**TASK DIRECTIONS**:
Only the lines from the one holding "西町貸家(ロヂャース川口店)" to the end of the data should be echoed, exactly as they appear, minus the pictures.

**SOURCE DATA**:
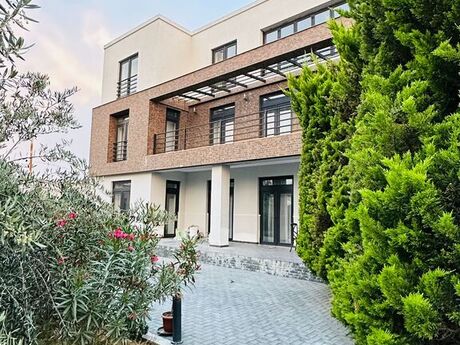 5 otaqlı həyət evi/bağ evi - Bilgəh q. - 500 m²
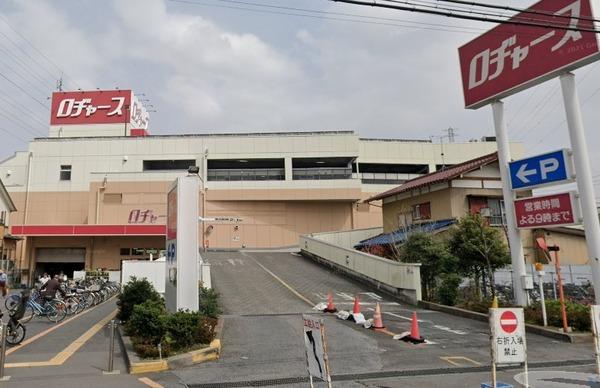 西町貸家(ロヂャース川口店)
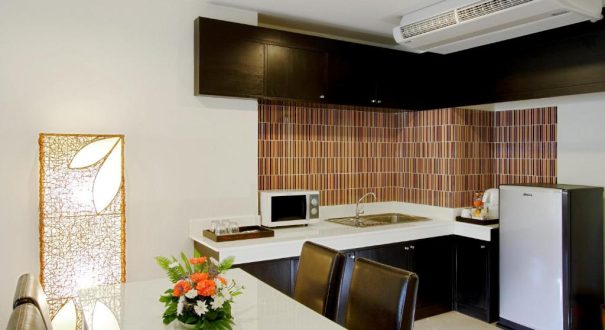 KATA SEA BREEZE HOTEL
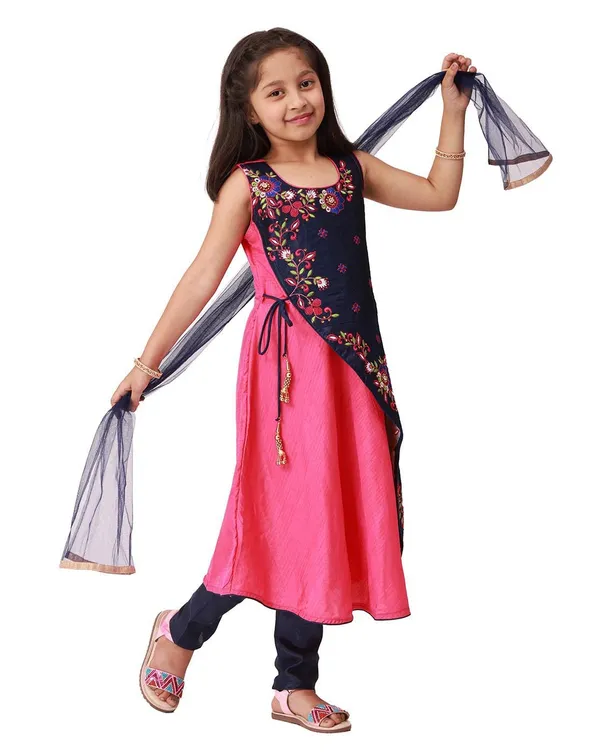 Pink_Ethnic_Churidar_Salwar_Suit_for_Kids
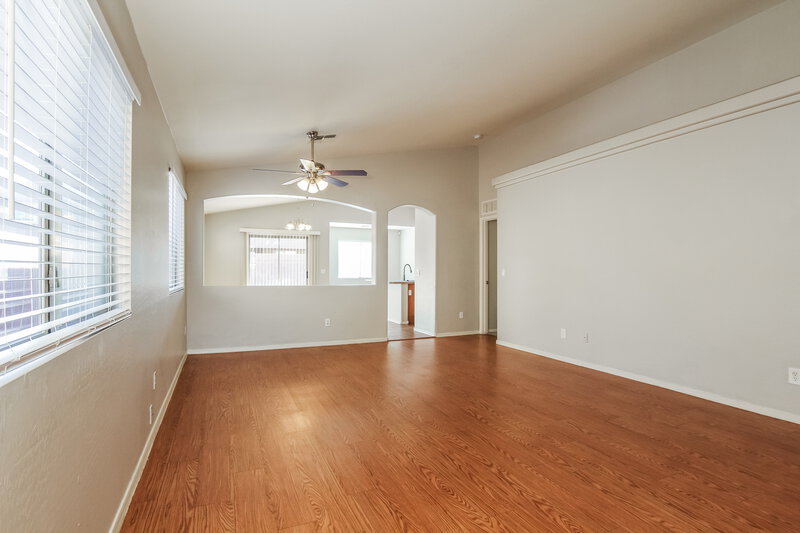 1,895/Mo, 3329 W Wayland Dr Phoenix, AZ 85041 Living Room View 2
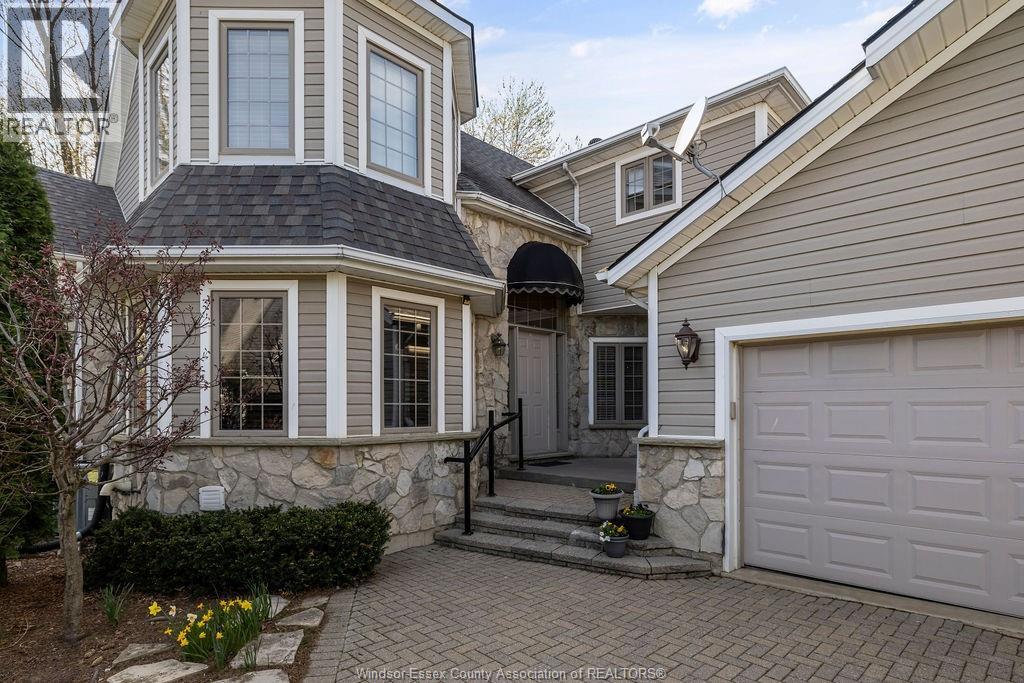 565 Gold Coast, Amherstburg, Ontario N8N 1M2 - Photo 2 - 25031787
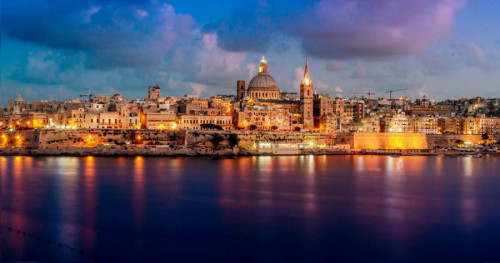 Мальта закрывает въезд для невакцинированных туристов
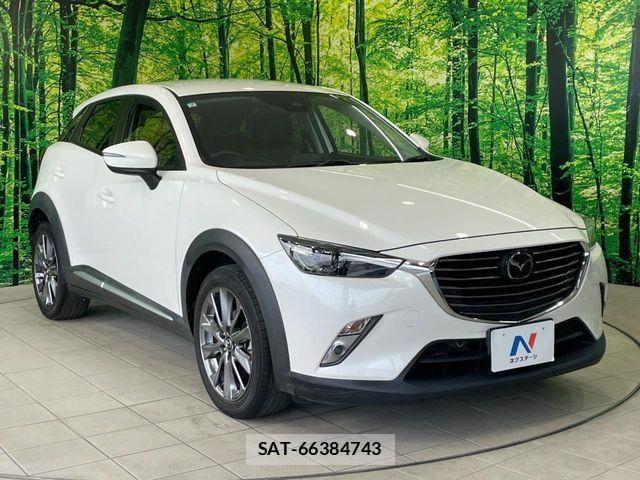 Mazda CX-3 2017-08 7216795-15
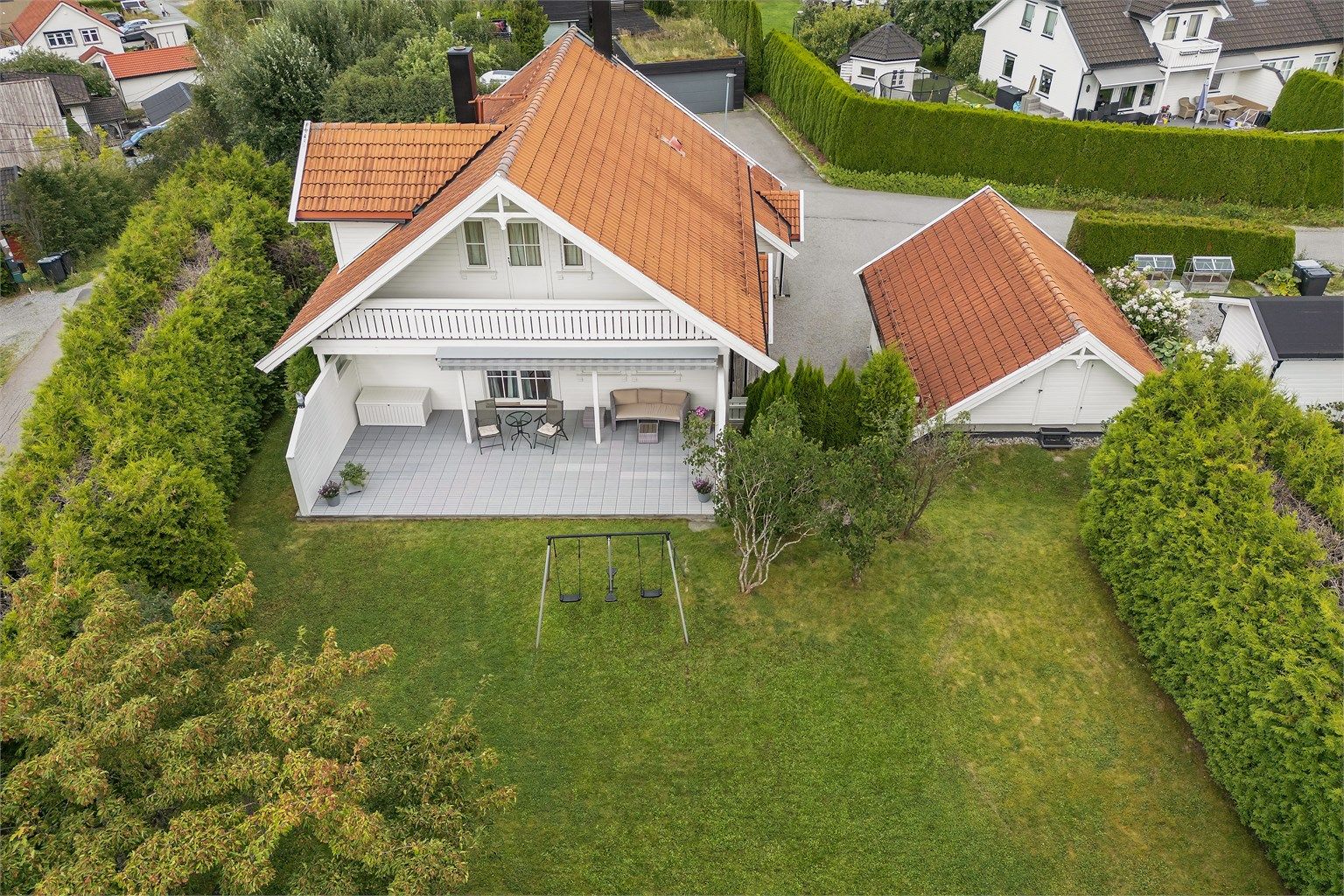 Eiendommen ligger i et etablert og barnevennlig boligområde på Langhus.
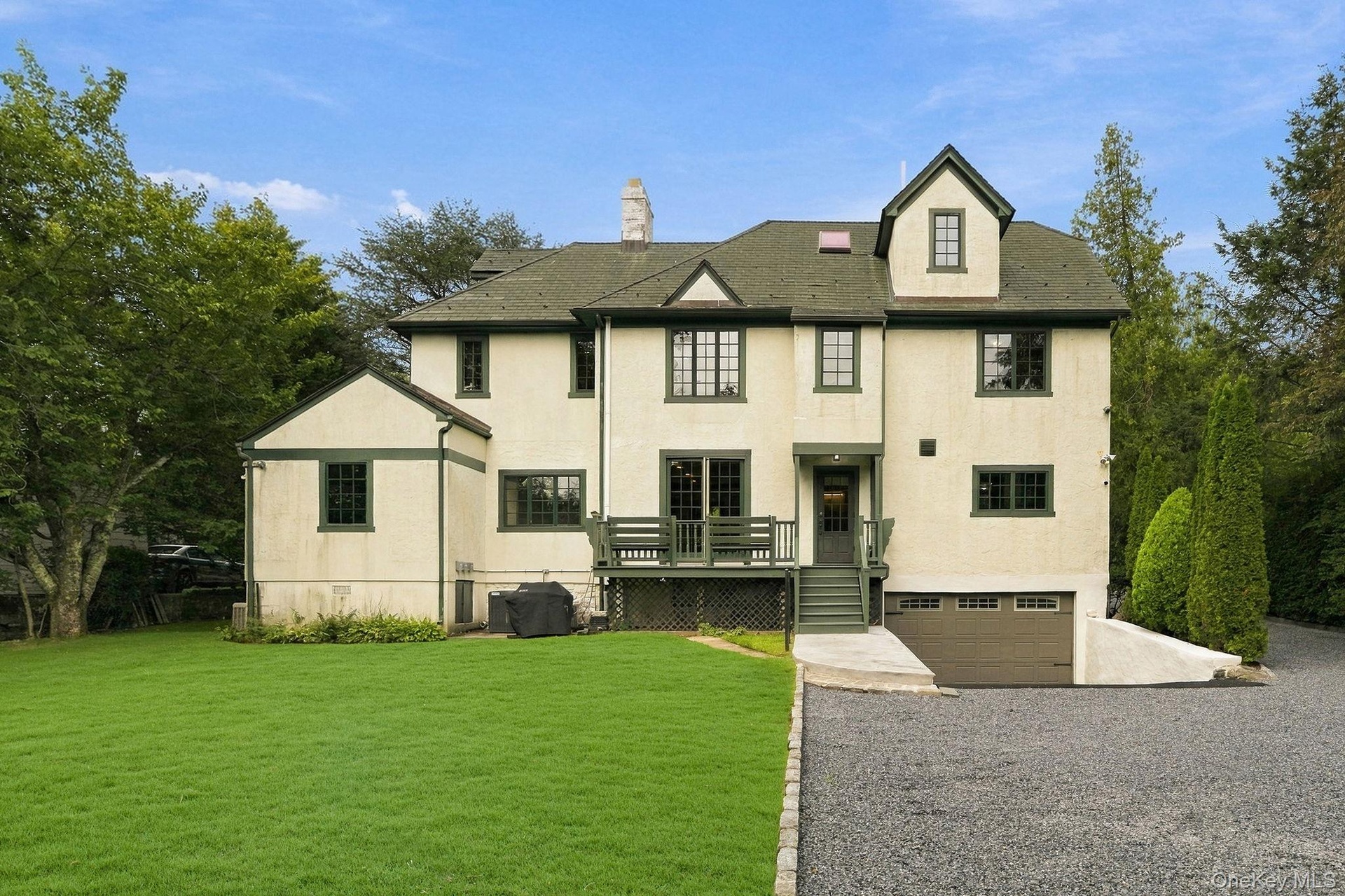 Timeless architecture. Exceptional flexibility. Prime location.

**ANSWER SECTION**:
 西町貸家(ロヂャース川口店)
 KATA SEA BREEZE HOTEL
 Pink_Ethnic_Churidar_Salwar_Suit_for_Kids
 1,895/Mo, 3329 W Wayland Dr Phoenix, AZ 85041 Living Room View 2
 565 Gold Coast, Amherstburg, Ontario N8N 1M2 - Photo 2 - 25031787
 Мальта закрывает въезд для невакцинированных туристов
 Mazda CX-3 2017-08 7216795-15
 Eiendommen ligger i et etablert og barnevennlig boligområde på Langhus.
 Timeless architecture. Exceptional flexibility. Prime location.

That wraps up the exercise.